Thursday, 29 November 2012

News Hour: Private banks continue to fare better than Public banks in Q2

The banking sector continued to face pressure in the second quarter of the current fiscal in line with the previous two quarters. High inflation coupled with high interest rates and slowdown in the global economy has affected the consumers and industry alike. This has lead to worsening asset quality, rising bad loans and margin compression putting banks under pressure. However, Private Banks have continued to perform better than Public banks showing effective management in containing quality and prudent lending policies.
The deteriorating asset quality continued for the banking sector mostly PSBs due to low demand and high interest rates resulting in higher slippages and restructuring. The total bad assets (gross) of public sector banks (PSBs) was Rs. 1,41,000 crore or 3.25% of total advances in the quarter ended September as against Rs. 1,23,000crore in Q1FY13. On the other hand, private banks reported a marginal jump of 22 basis points to Rs. 20,800 crore in Q2FY13 as compared to INR 19,900 crore in the June Quarter. The difference stemmed from the prudent lending practices of private banks.
The net interest margin-difference between yield on advances and cost of deposits reduced more for PSBs as compared to the private banks. On an average, the margins compressed by 40 basis points to 2.83 in Q2FY13 compared to a year ago period for the PSBs. The margins for private banks remained flat at 3.33%. The main reason for this is that higher slippages for PSBs resulted in interest income reversals lowering yields. Also, decrease in lending rates to spur growth and focus on low yielding retail loans in the absence of corporate demand affected margins.

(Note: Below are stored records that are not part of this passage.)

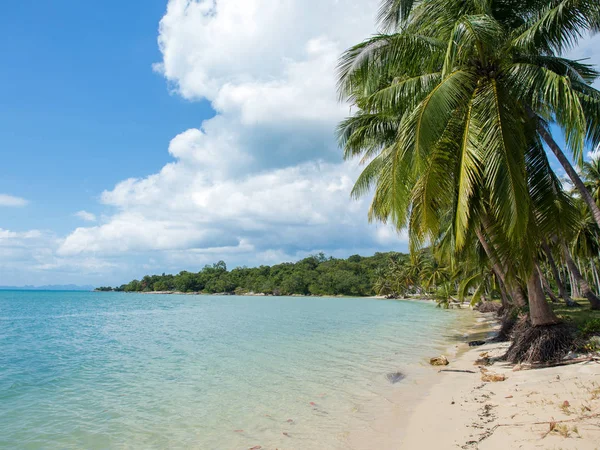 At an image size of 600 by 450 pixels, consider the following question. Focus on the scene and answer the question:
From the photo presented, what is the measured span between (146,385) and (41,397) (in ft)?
7.77

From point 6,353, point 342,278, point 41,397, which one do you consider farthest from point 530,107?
point 342,278

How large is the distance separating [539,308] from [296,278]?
349 feet

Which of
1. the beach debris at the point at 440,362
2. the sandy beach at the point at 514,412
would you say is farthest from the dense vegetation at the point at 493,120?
the beach debris at the point at 440,362

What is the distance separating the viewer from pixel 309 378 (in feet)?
32.6

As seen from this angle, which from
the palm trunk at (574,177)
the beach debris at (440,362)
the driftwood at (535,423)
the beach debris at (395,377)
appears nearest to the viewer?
the driftwood at (535,423)

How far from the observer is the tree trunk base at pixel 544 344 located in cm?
816

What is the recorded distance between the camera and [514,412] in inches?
221

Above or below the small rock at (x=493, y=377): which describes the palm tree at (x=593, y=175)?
above

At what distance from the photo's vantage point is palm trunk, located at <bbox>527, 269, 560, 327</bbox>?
8781mm

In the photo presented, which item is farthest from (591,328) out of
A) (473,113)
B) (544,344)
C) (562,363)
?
(473,113)

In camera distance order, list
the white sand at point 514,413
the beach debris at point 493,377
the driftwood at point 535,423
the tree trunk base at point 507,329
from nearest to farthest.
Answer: the white sand at point 514,413
the driftwood at point 535,423
the beach debris at point 493,377
the tree trunk base at point 507,329

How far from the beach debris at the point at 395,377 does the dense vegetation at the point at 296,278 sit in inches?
3027

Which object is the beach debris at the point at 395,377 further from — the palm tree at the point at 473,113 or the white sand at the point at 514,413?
the palm tree at the point at 473,113

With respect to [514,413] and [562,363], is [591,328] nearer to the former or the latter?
[562,363] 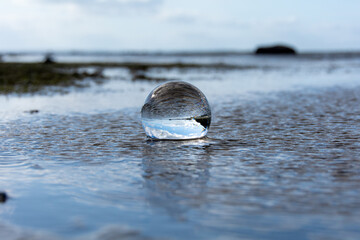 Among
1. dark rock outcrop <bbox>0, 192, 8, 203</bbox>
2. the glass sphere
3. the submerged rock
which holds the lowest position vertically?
dark rock outcrop <bbox>0, 192, 8, 203</bbox>

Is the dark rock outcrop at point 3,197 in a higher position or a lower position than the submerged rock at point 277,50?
lower

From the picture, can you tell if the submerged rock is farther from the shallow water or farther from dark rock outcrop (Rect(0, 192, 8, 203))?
dark rock outcrop (Rect(0, 192, 8, 203))

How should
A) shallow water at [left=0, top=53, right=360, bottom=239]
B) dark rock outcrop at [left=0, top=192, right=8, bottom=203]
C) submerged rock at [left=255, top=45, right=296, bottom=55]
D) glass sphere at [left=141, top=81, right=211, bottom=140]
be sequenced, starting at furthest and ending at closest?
submerged rock at [left=255, top=45, right=296, bottom=55]
glass sphere at [left=141, top=81, right=211, bottom=140]
dark rock outcrop at [left=0, top=192, right=8, bottom=203]
shallow water at [left=0, top=53, right=360, bottom=239]

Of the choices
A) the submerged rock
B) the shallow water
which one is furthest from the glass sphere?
the submerged rock

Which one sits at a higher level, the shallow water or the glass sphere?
the glass sphere

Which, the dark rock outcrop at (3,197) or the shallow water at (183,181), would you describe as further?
the dark rock outcrop at (3,197)

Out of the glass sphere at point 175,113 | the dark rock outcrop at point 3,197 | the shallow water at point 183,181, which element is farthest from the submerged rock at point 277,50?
the dark rock outcrop at point 3,197

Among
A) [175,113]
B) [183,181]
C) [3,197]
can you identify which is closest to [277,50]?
[175,113]

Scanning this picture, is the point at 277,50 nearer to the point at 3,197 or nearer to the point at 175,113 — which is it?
the point at 175,113

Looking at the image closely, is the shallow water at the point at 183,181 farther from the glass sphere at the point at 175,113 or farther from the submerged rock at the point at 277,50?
the submerged rock at the point at 277,50

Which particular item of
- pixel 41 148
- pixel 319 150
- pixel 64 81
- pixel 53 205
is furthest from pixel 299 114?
pixel 64 81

In the absence of a rate cut and the challenging economic environment, fresh slippages and restructuring are going to continue in the next two quarters further deteriorating asset quality and putting profitability under strain. However, if an interest rate cut happens in the January quarter, there might be a marginal improvement in the repaying capacity of corporates thereby improving asset quality. But significant improvements in asset quality will be seen only in the first quarter of next year.